Meanwhile, individual pianists and singers were entertaining in half-hour sets at the other two venues.
At Eric’s invitation, guest Will Bennett opened the gallery with “Russian Rag,” “Dill Pickles,” and his own ragtime version of the Liszt Hungarian Rhapsody. Ryan Wishner displayed more of his remarkable repertoire of piano roll arrangements plus “Wall Street Rag” (Joplin), “Climax Rag” (Scott), and “Agitation Rag” (Hampton). Eric Marchese offered Joplin’s “Sunflower Slow Drag” and “The Strenuous Life” plus some of his originals.
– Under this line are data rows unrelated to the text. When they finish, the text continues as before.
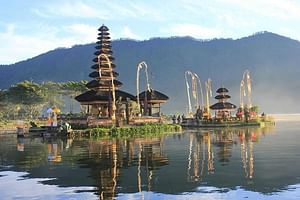 Explore The Best of Bali in a Day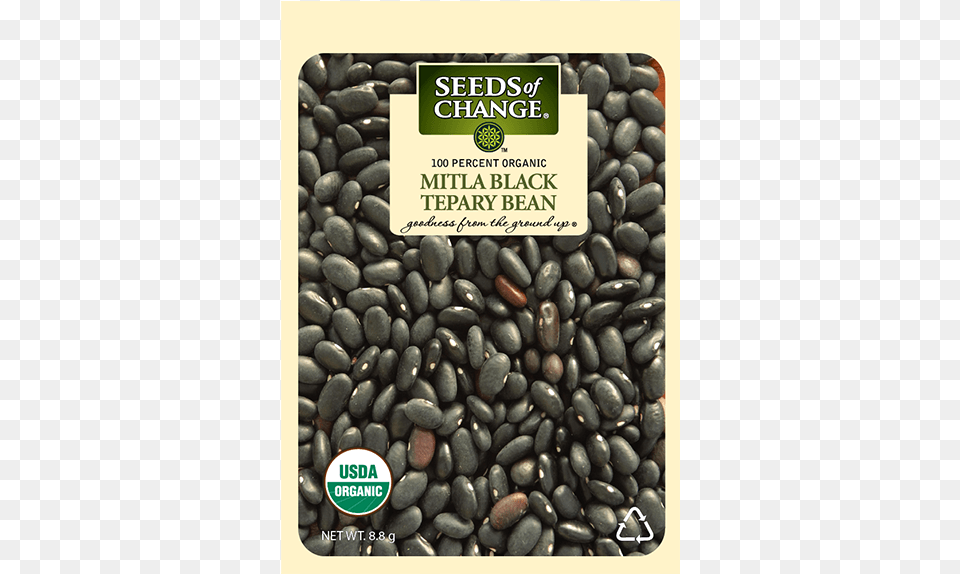 Organic Mitla Black Tepary Dry Soup Bean Seeds Seeds Of Change, Pebble, Food, Plant, Produce Free Transparent Png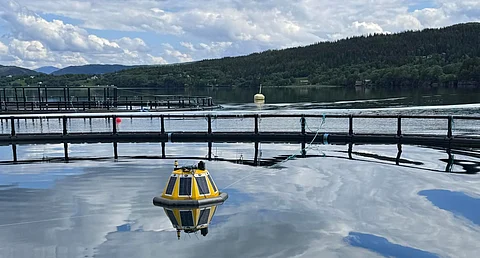 Akvaplan-niva have collaborated with Nova Sea on the project.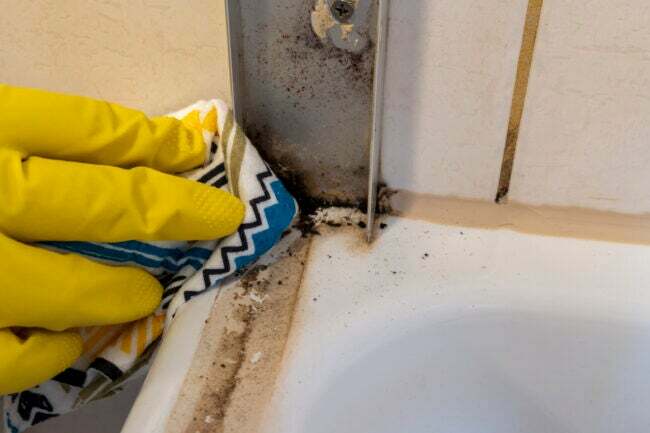 Mravi u kupaonici
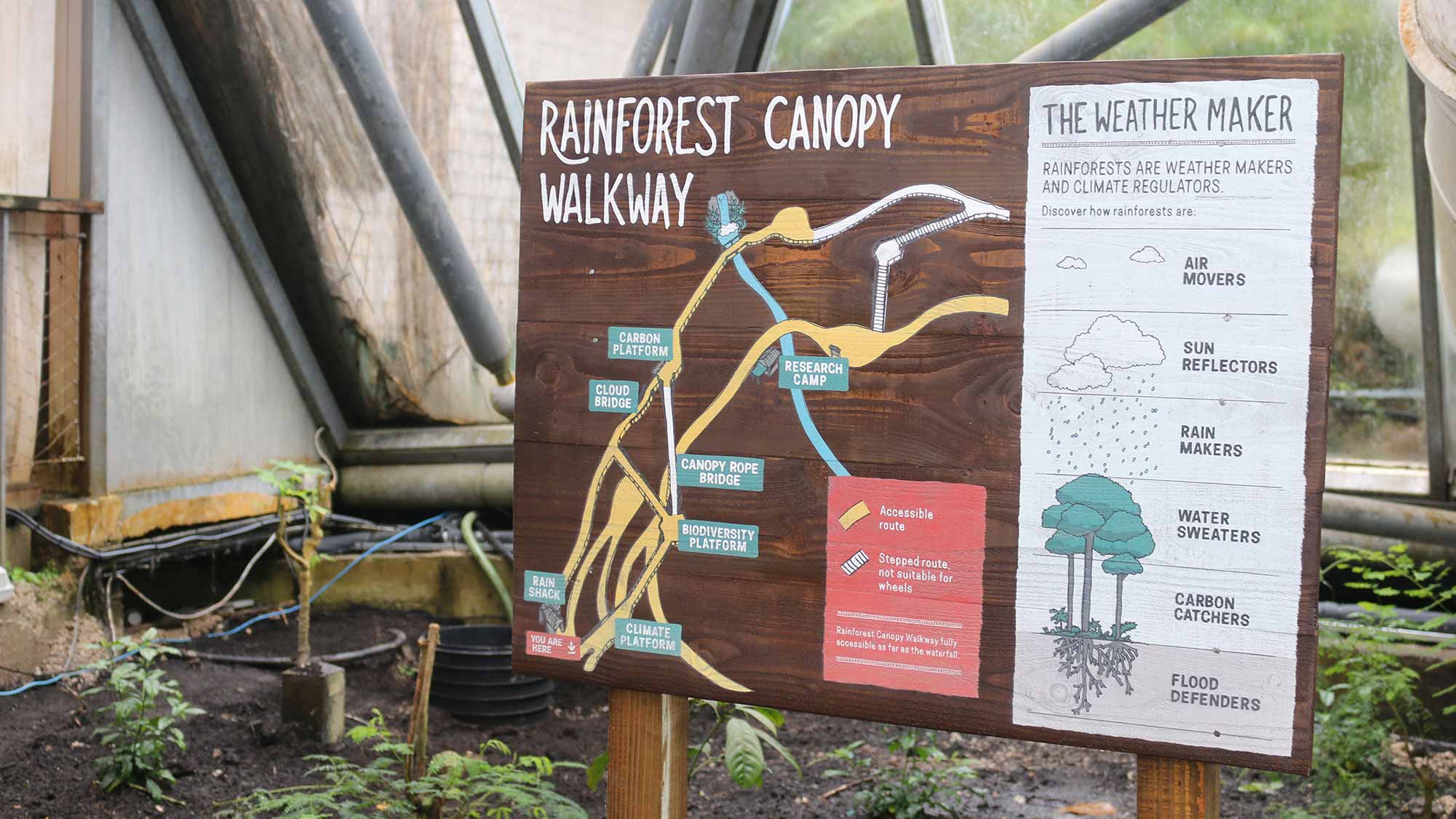 Rainforest Canopy Walkway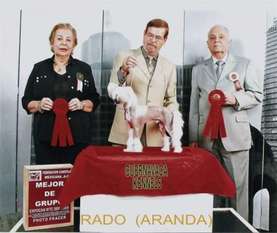 Rado Aranda Rado Aranda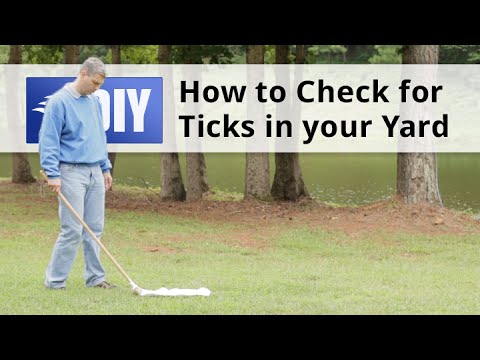  How to Check for Ticks in Your Yard Video 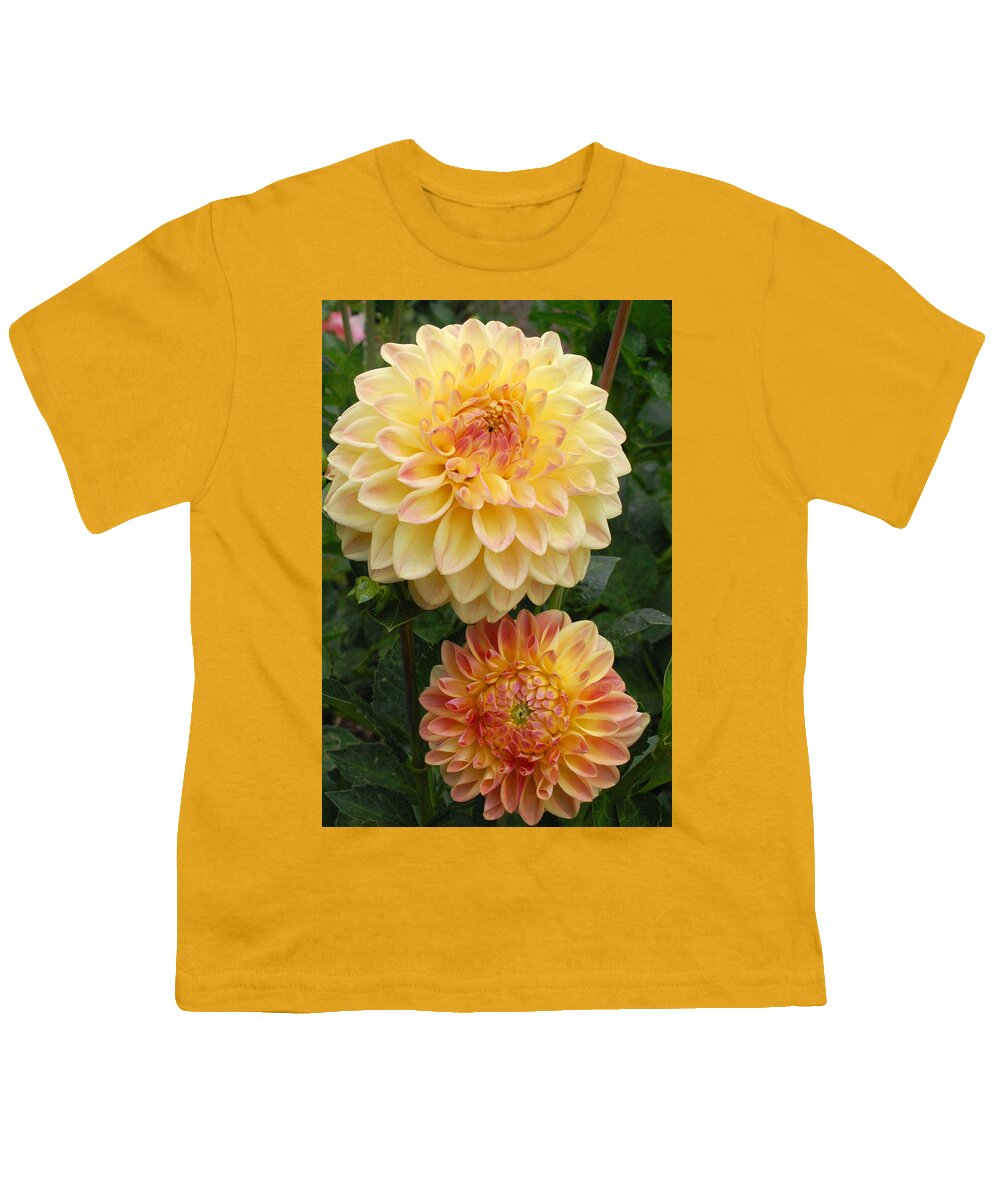 Dahlia Youth T-Shirt featuring the photograph Yellow and Orange Dahlias 2 by Amy Fose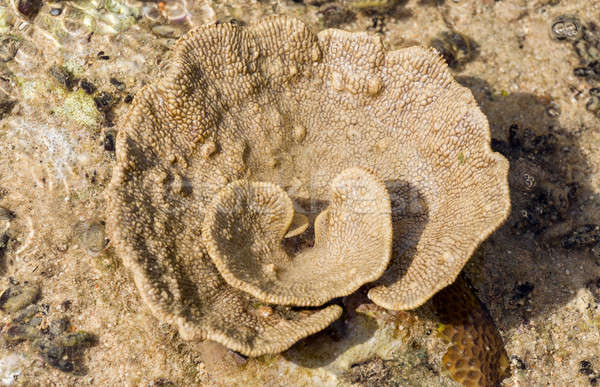 Korallen wie Blume niedrig Flut Indonesien Stock foto © artush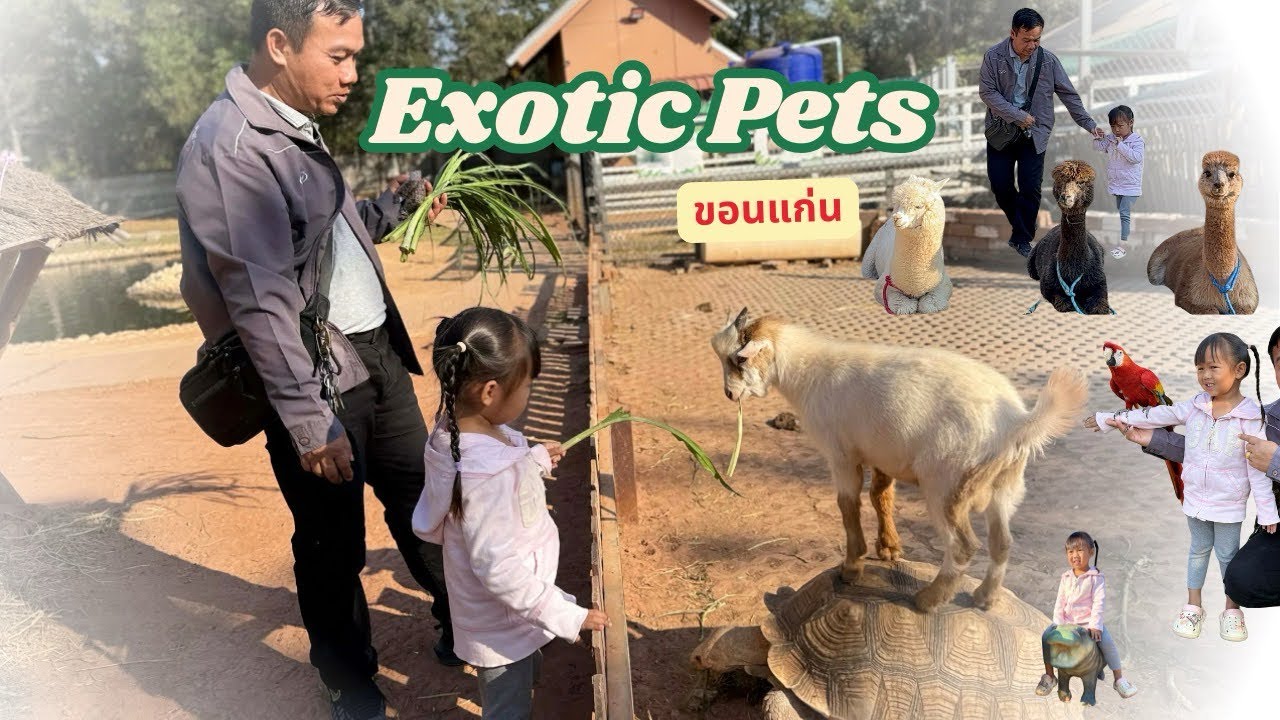 เที่ยวคาเฟ่สัตว์เลี้ยงแบบปล่อยที่ขอนแก่น 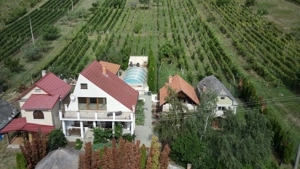 Haus mit Nebenhäusern, Pool und Weinberg in Vinica   Slowakei
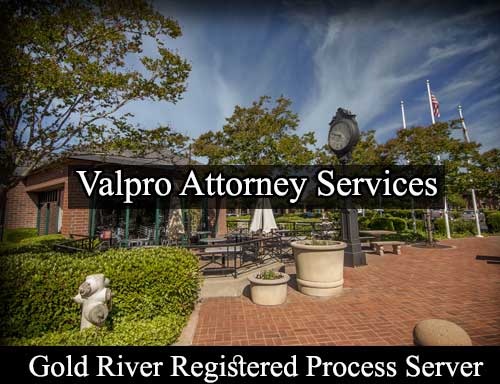 Registered Process Server in Gold River California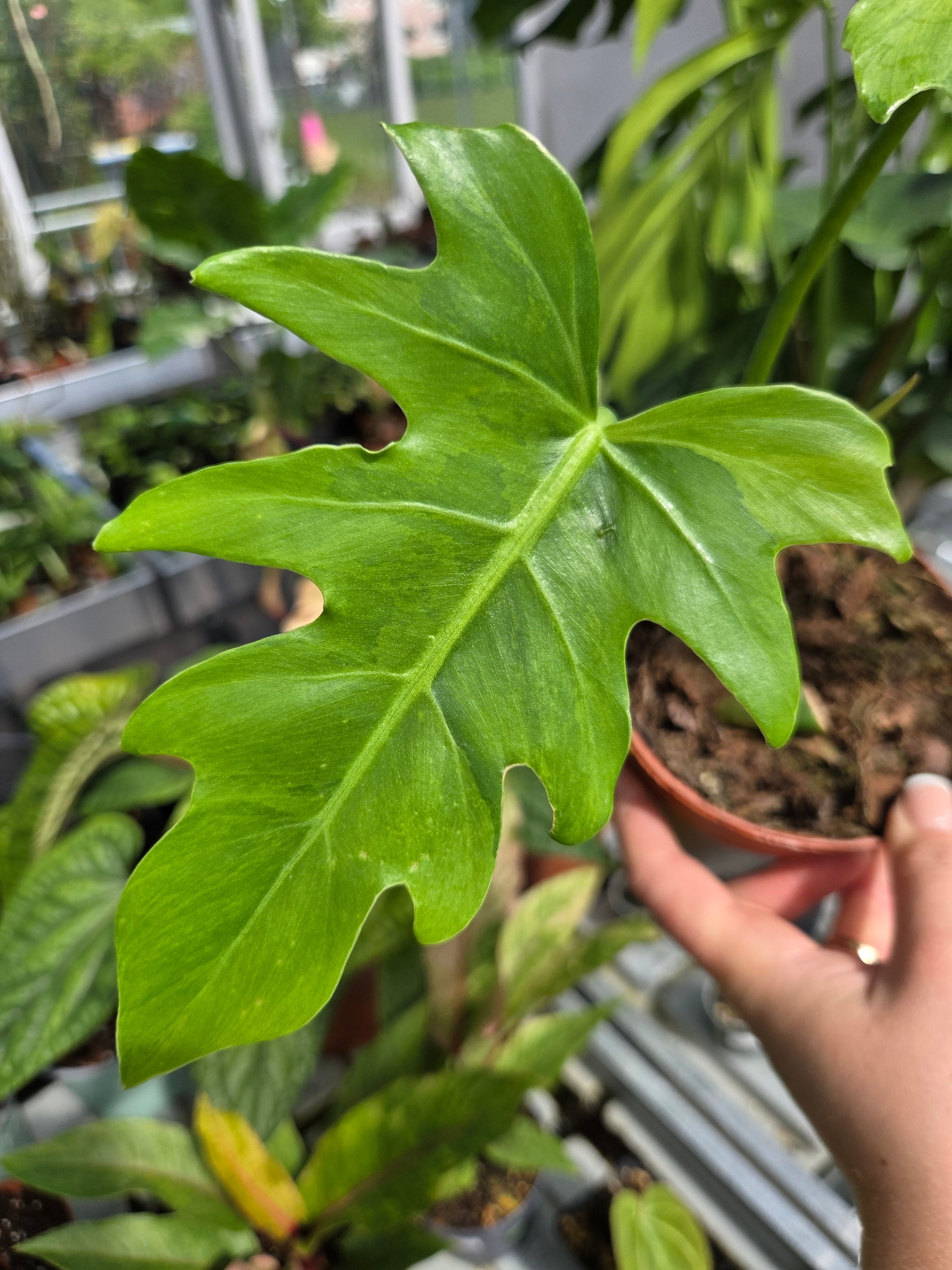 Philodendron Radiatum Variegata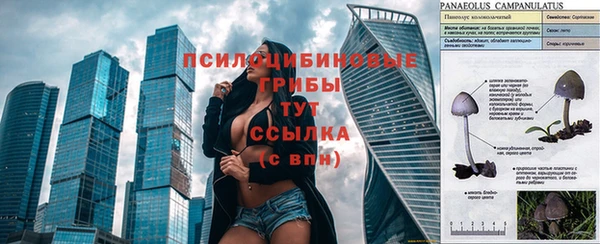 хмурый Аркадак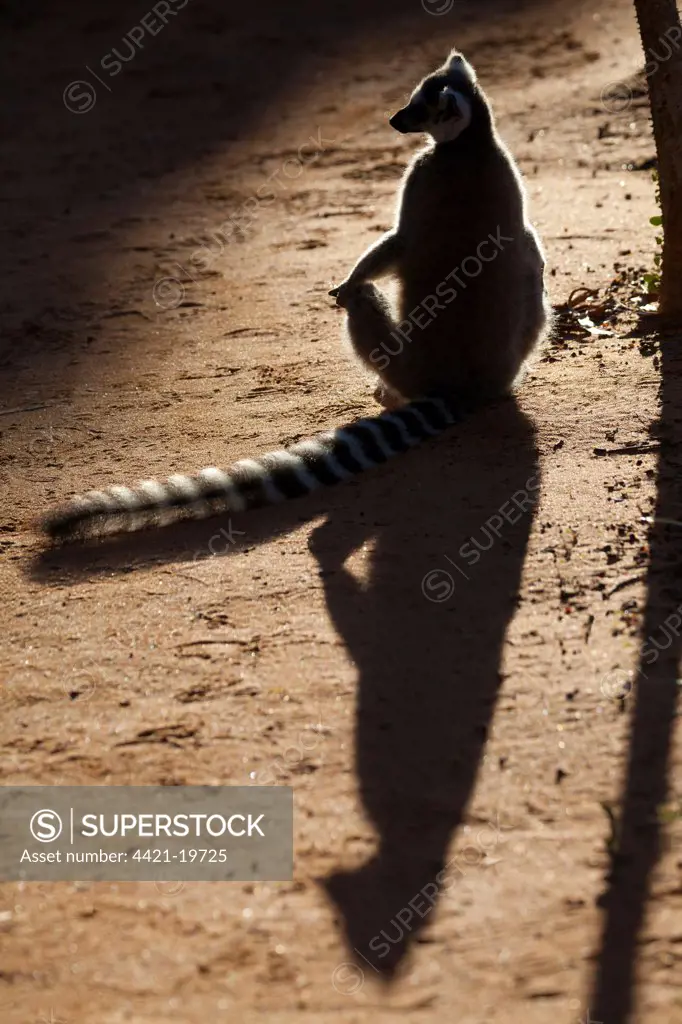 Ring-tailed Lemur (Lemur catta) adult, basking on ground with shadow, Berenty Reserve, Madagascar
Vincent Johnson contributed several that I don’t recall hearing before: “Lazy Rhapsody” (Howard Jackson), “Rambling in Rhythm” (Arthur Schutt), and “Serenata” (Rube Bloom), plus his original “Puppy Love.” A class act that had not appeared on Saturday, contemporary vaudevillians Sharon Evans and Rick Rogers, accompanied by Andrew Barrett on piano, delighted the audience with their impressions and vocals of two of the greatest songs from the era: “Everybody Rag with Me” and “Home in Pasadena.” Shirley Case contributed some rarely heard pieces: “Sweet Pickles” (Theron C. Bennett), “Cabbage Leaf Rag” (Copeland), and three by contemporary composers—“Cape Rose Rag” and “Glen Arbor Rag” by Trebor Tichenor and “Queen of Diamonds, a hot tango” by Galen Wilkes. Gary Rametta, who had opened this edition of the festival, also closed it with contemporary composer Ron Ross’ “Joplinesque” and rags by two of the “big three” composers of classic ragtime, “Alaskan Rag” by Joseph Lamb and “Gladiolus Rag” by Scott Joplin.

Kudos to Eric for producing another wonderful festival. Join the celebration next year when vaudeville and ragtime again invade Fullerton!